Es ist im fatalen Sinn folgerichtig, auch keine Freuden mehr im Leben zu sehen; jede Wiedergeburt als eine Strafe und als neue Quelle von Leid und als Lösung eine Art von Nichts (Nirwana).
Die Faszination auf europäische Geister ging immer vom Mitleid aus. Schopenhauer (Lehrer von Nietzsche) entwickelte daraus seine Mitleidsethik.
Selbstverständlich ist Mitleid ein wichtiges menschliches Gefühl, aber keineswegs auf den Buddhismus beschränkt, für den selbiges im Übrigen auch nur eine von vielen Illusionen ist, von denen man sich befreien muss.
Liebe Grüße, Michael
Lieber Michael,
Du hast Dir tatsächlich diese ganzen langen Texte durchgelesen!

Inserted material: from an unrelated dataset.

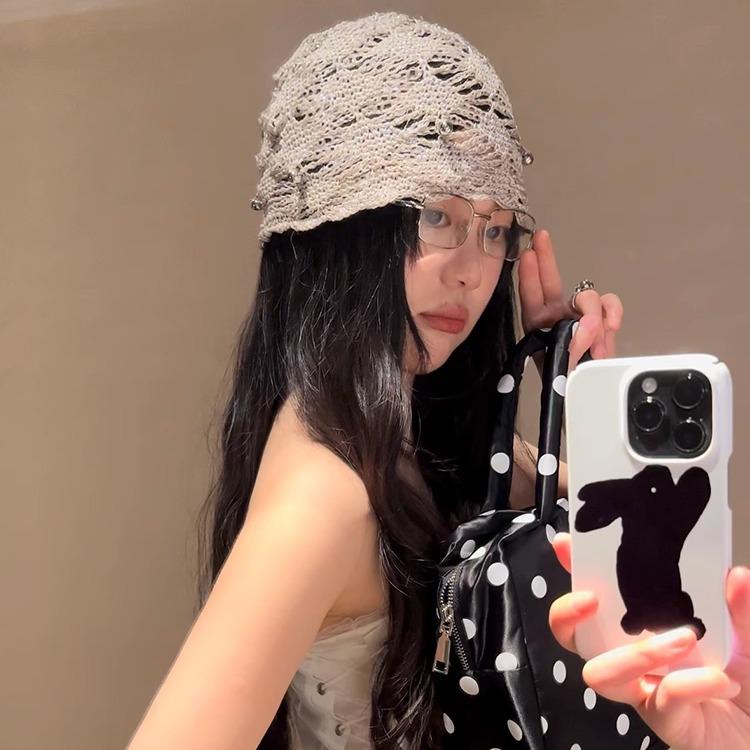 ニット帽 レディース 手編み ビーズ 飾り付き ビーニー キャップ オフホワイト 56-58cm 通気性 秋冬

Die Frage, die sich für mich hier stellt, ist weniger, ob diese Lehre () mir guttut, sondern ob sie wahr ist!
Es stimmt schon - je intensiver man sich damit beschäftigt, desto weniger Trost gibt sie. Aber sie will ja auch keinen Trost geben, sondern alle "Illusionen" entlarven.
Auch für mich ist dieses endgültige Ziel - das "Erlöschen", wie es auch genannt wird - nichts, dass ich mit frohem Herzen anstreben kann; nichts, das sich auch nur ansatzweise gut anfühlt. Wenn man es einmal wirklich bis ganz zuende denkt, fühlt es sich beängstigend und vernichtend an. Ich merke nun, wie sich das, was wir beide hier tun, in keiner Weise mit dem verträgt was ich im Bezug auf diese Lehre zu verstehen glaube.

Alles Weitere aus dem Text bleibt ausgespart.